Macron also laid out his vision of a broader community of European democracies that would allow for deeper cooperation between non-EU countries.
Within this new political union, nations like Ukraine and even the UK could be a part of it.
“The European Union, given the level of its integration and ambition, cannot be in the short term the only means of structuring the European continent,” he said.
“It’s our historic obligation to respond to that today and to create what I would call a European political community. This new European organisation would allow European democratic nations adhering to our core values to find a new space for co-operation on politics, security, energy, transport, infrastructure investments and the movement of people, especially the young.”

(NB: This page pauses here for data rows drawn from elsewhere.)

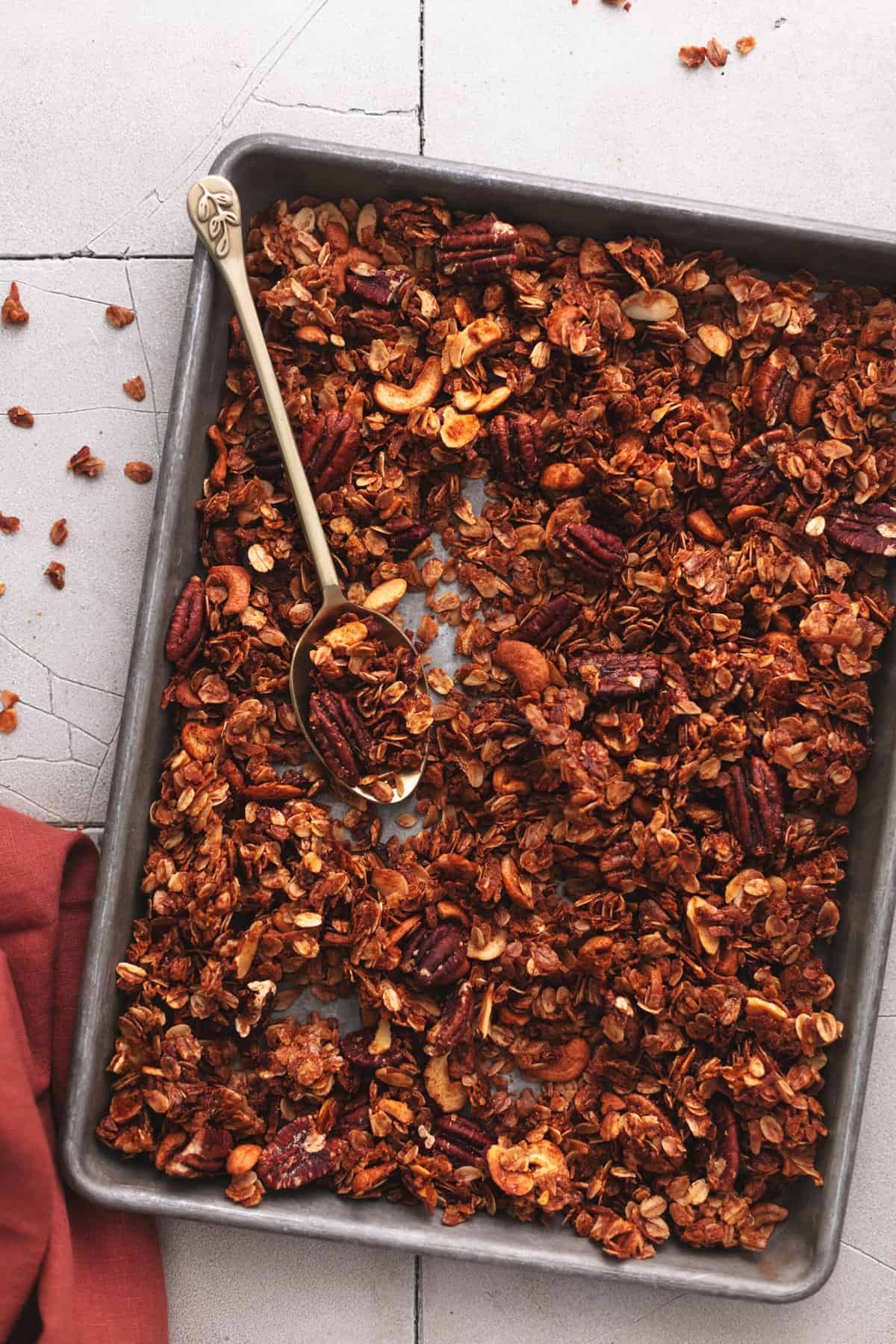 baked granola on a sheet pan with serving spoon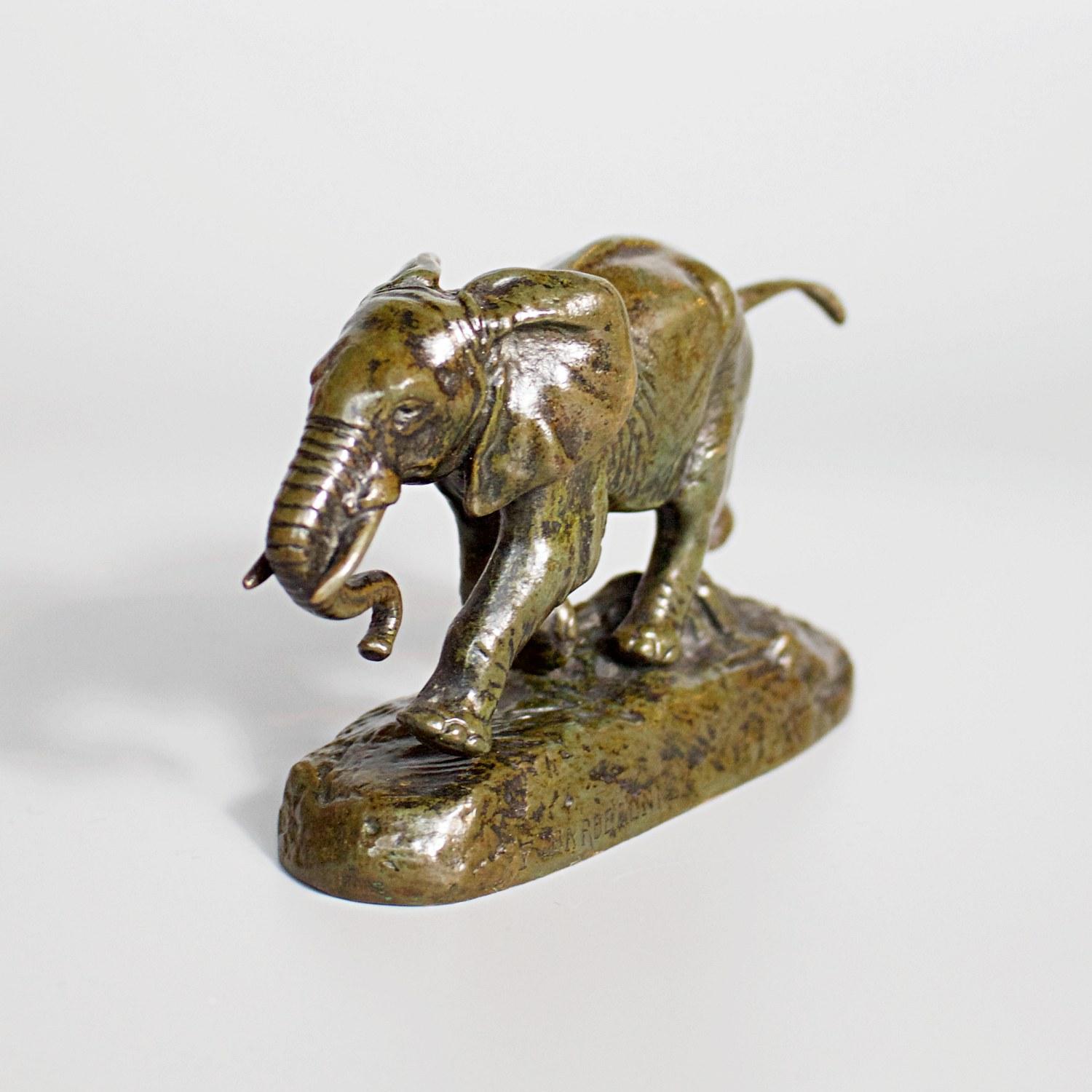 A late 19th century bronze sculpture by Antoine-Louis Barye (1795-1875) of a small proportioned, charging African Elephant. Rich green patination and hand chased detail. Signed Barye and inscribed F Barbedienne.

Dimensions: H 9.4cm, W 6.5cm, D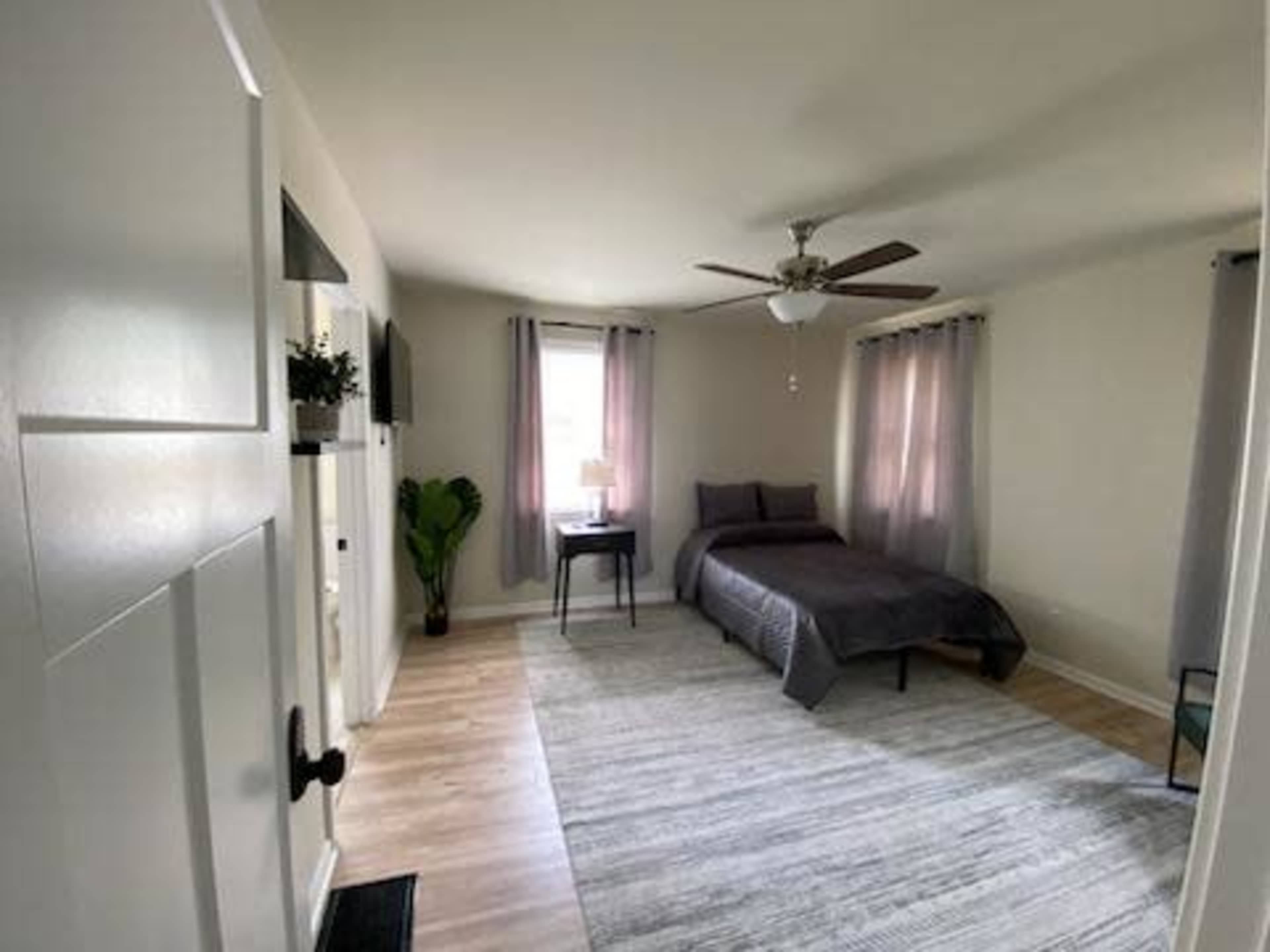 A simple bedroom with a bed, a small table, a ceiling fan, and large windows with curtains.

The proposals were made on Europe Day at the same time as Russian President Vladimir Putin’s huge military parades in Moscow on Victory Day.
For European Commission President Ursula von der Leyen, the contrast between the EU and Russia could not be starker.
“I think that today speaks volumes and it speaks for itself. On the one hand, you see an autocrat, Vladimir Putin in Moscow and he has had his military parade – this is the only thing he has to offer his people,” von der Leyen told reporters. “And then on the other hand here in the EP you see a celebration of democracy.”
Monday marked the end of the Conference on the Future of Europe, a year-long process in which European citizens gave their views on what they want for the future of the 27 member bloc.